David Morrell's latest novel Creepers defies categorization--it is part thriller, part horror, part crime novel, and every word drips with harrowing suspense. It is the story of Frank Balenger, a New York Times Sunday Magazine reporter who is doing a piece on "creepers" -- history and architecture enthusiasts who infiltrate abandoned buildings using caving and climbing gear. They take only photographs and leave only footprints.
The group Balenger joins to get a firsthand look at creeping is led by history professor Robert Conklin, and includes Vinnie Vanelli, a high school teacher, and graduate students Rick and Cora Magill. The target is the Paragon Hotel in Asbury Park, New Jersey. The Paragon was built and designed by hemophiliac Morgan Carlisle and has been closed since 1968. Carlisle was an enigmatic genius and shut-in who lived his life through the lives of his guests: he built an impressive grid of hidden passageways throughout the hotel to secretly watch his guests in their most intimate moments. He built the Paragon to hold secrets, and the urban explorers will discover them in frightening detail.

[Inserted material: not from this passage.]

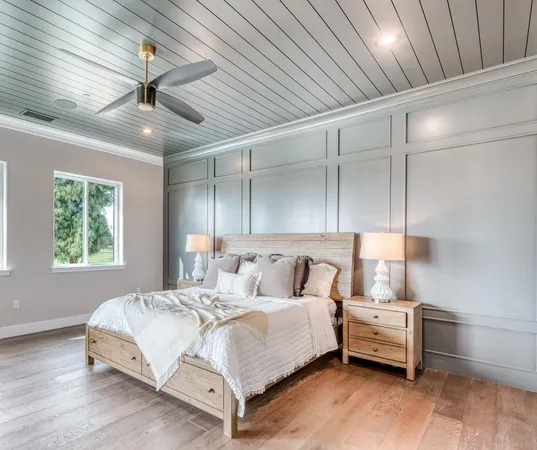 a bedroom with a bed and a ceiling fan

It begins with the expected: dark, spooky passageways; rooms filled with furniture and dust. It is an invasion of the past. The group walks into a time forgotten: the inhabitants long gone, most of them probably dead. It begins this way, but it is not long before everything changes. The expected becomes the unexpected when the group discovers they are not alone, and their unwanted company is far from friendly. It continues when they find the corpse of a long dead woman, and then it climaxes with a violent clash of psychological and physical warfare.
The images Morrell creates are haunting. He uses simple language to create the illusion of the hotel, of the past. "Vinnie opened the closet doors wider and showed them a Burberry raincoat, its wide lapels drooping, its tan belt hanging." The lives of forgotten guests fill the place, almost haunt it. While there are no ghosts, the evils are very real, very human, and very much alive--the prose, the story evokes the feeling of a haunting. Almost as if the hotel is alive, feeding off the images, the ghosts, and memories of the past.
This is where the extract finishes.